こういった本は、中級者以上の人が英語圏で使われる英語をより深く理解しようとしたときにはかなり有力な情報です。
しかし、これらの書籍で紹介しているネイティブがよく使うフレーズは、”英語圏”でしか通じない英語が多いのです。
英語は世界公用語だが、非ネイティブ話者のほうが圧倒的に多い
英語は世界で最も使用されている言語で、お互いの母国語が英語でない非ネイティブ同士での会話にはほぼ英語が使われていると言って過言ではありません。
英語を母語とする話者数は、アメリカ、カナダ、英国、オーストラリア、ニュージーランドなど合わせておよそ4億人程度に対して、母語以外の言語として英語を使う話者数は、およそ20億人以上いると言われています。
そう、英語のネイティブスピーカーよりも英語を母語としない人達が話す英語のほうが圧倒的に多いのです。
ネイティブスピーカーの英語が通じない?
”非英語圏”では、空港やホテルと言えども英語圏のように英語が通じるとは限りません。
特に、英語圏で使われる慣用句、いわゆるイディオムの中には非英語圏で通じないものがたくさんあります。
例えば、”It’s up to you.”(それはあなた次第だよ)とか”It’s a piece of cake!”(そんなの簡単だよ!)といったようなイディオムは、非英語圏の英語話者の間でも通じます。
なぜならこれらのイディオムは英語を勉強していく中でも比較的早い段階で出会うイディオムだからです。
しかし、”fill one’s shoes”(~の後を引き継ぐ)とか”pull over”((車を)止める)といったイディオムになると、相手の英語レベルによっては通じない場面が出てきます。
以前、アメリカ人のエンジニアと一緒に中国のとある電子部品工場に出張に行ったときのことです。
工場側のマネージャと打ち合わせしていても、相手はアメリカ人の話すイディオムや米語独特のリエゾンに慣れていなくて、彼の英語が通じないことが多々ありました。
一方、私の話す英語は典型的な母国語訛りのあるアジア人の英語で、さほど込み入ったイディオムも使わなかった(使えなかった)せいか、相手との会話に不自由しませんでした。

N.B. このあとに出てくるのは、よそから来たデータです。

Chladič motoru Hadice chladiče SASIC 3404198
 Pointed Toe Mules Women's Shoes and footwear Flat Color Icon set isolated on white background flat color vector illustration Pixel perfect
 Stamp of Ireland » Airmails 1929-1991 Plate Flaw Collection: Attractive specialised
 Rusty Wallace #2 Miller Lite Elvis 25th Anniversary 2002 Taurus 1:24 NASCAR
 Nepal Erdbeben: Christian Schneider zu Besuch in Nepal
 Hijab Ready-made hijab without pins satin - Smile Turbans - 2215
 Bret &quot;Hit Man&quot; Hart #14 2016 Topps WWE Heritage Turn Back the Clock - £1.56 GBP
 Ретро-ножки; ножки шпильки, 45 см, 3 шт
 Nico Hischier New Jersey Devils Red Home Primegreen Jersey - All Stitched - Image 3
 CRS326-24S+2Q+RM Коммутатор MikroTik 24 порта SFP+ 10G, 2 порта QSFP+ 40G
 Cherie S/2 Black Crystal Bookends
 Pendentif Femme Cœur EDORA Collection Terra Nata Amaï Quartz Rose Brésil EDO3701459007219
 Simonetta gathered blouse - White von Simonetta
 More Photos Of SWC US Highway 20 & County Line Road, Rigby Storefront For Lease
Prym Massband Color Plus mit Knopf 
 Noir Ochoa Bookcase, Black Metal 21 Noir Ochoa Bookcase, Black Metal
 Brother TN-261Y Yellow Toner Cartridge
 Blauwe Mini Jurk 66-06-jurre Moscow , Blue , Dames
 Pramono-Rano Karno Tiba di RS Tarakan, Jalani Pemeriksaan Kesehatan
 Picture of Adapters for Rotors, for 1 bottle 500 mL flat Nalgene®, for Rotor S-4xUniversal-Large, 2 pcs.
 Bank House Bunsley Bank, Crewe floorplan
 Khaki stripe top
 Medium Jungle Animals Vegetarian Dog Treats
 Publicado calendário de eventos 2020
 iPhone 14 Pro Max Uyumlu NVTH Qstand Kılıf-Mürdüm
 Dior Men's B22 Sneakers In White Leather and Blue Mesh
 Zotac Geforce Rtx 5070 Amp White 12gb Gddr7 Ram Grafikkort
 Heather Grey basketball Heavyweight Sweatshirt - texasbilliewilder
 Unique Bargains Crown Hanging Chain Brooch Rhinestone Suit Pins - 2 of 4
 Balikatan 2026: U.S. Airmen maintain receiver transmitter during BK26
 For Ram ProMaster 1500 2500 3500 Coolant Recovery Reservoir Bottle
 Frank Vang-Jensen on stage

かと思えば、別の会社ではアメリカに留学経験のある担当者が出てきて、同行したアメリカ人と話し出すと私が聞き取れなくて右往左往したことがありました。
こういったことは非英語圏ではよくある話です。
英語はツール、人によってレベルはまちまち
非英語圏の人が英語を学ぶ目的は様々です。
翻訳者や通訳者を目指す人だったり、英語圏への移住、留学を目指している人から、ホテルの接客係や観光地のタクシードライバーまでその学習目的は幅広い。
そのため、英語を学ぶ人の目的によって到達する英語レベルはまちまちです。
翻訳者や通訳者の人であれば、ネイティブ使うイディオムなどは全て理解していないと仕事になりませんが、ホテルやタクシーではそこまでの英語レベルは必要ありません。
私たち日本人含め、非英語圏の人間にとって英語はツールです。
自分の仕事や目的に必要なレベルがあればそれで用が足りるのですから、ネイティブが使うスマートな言い回しまで全て覚える必要はありません。
増してや、初心者の段階では「ネイティブが使う~」というような内容を学習するのは早すぎるのです。
これらの書籍や情報は、ある程度英語の基礎が出来てから取り入れても全然遅くありません。